Certain practitioners, such as hospitalists, practice as a group and provide coverage for each other. For such groups, consider including group-level data in the OPPE report in addition to individual data. If the practitioners work as a group, it makes sense to review their data as a group. Often, hospitals contract with groups and establish group performance expectations, so it is not at all unusual to evaluate group-level performance.

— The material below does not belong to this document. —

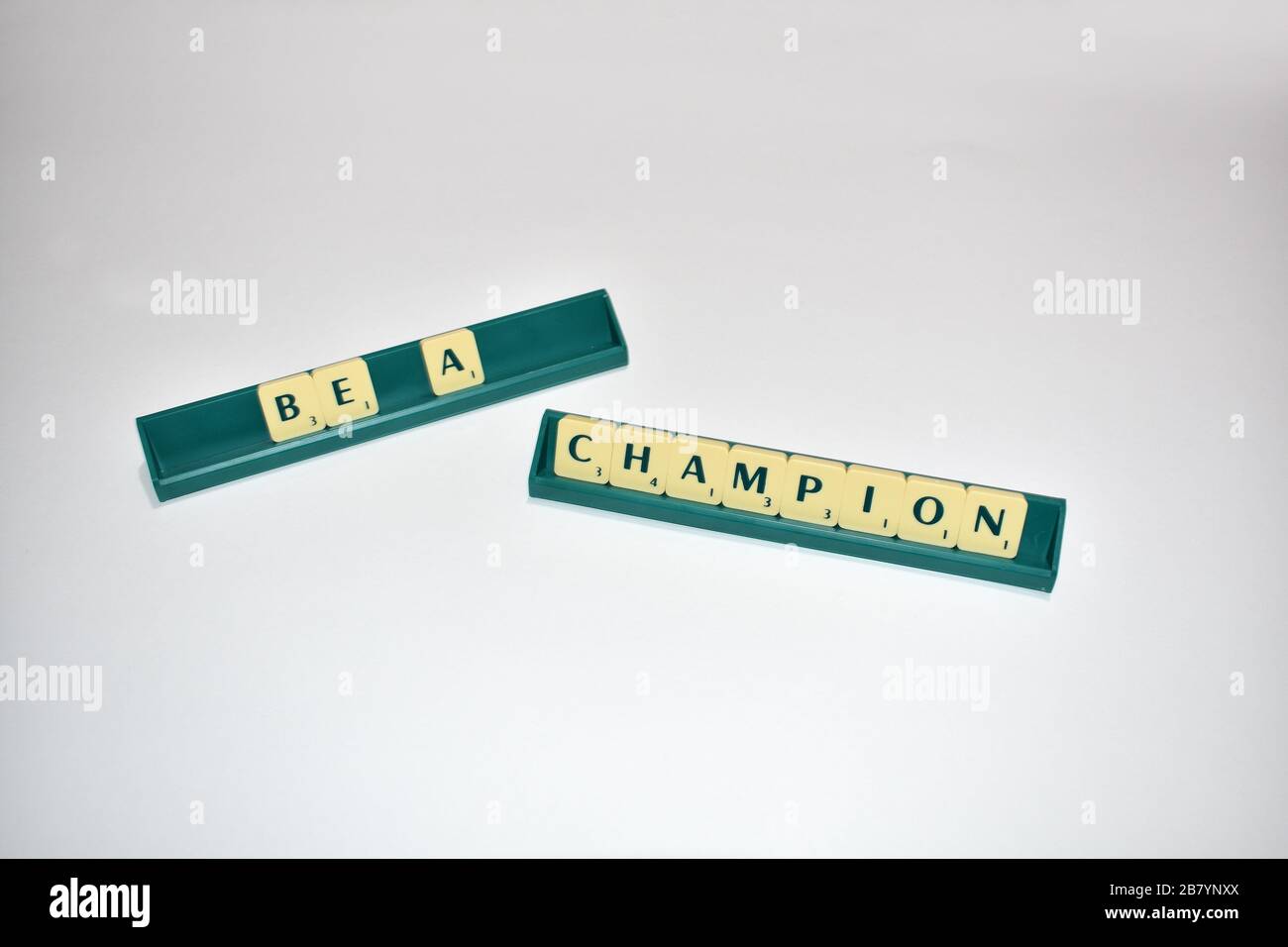 Scrabble tiles spell out Be a Champion. Motivational quote Scrabble Blocks Letters Grey Background Life quote Induce Alphabet. Stock Photo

Group-level comparisons can be helpful in environments where specific practitioner attribution is challenging, such as in academic medical centers where faculty supervision of residents can vary daily, attending assignments change based on the date, or an assignment change occurs in the middle of a patient’s hospital stay. If an OPPE report unearths a potentially adverse variation in group performance, then the organization may have to isolate the origin of the variance by subjecting the group to FPPE. However, OPPE requires feedback on individual practitioners, so include both group and practitioner-specific data in every report. Consider including an explanation of why both data sets are presented in the report, perhaps as a cover letter.

This week’s tip is from The Complete Guide to OPPE: Strategies for Medical Staff Professionals, Physician Leaders, and Quality Directors, by Evalynn Buczkowski, RN, BSN, MS; Valerie Handunge, MA; and Wendy R. Crimp, BSN, MBA, CPHQ.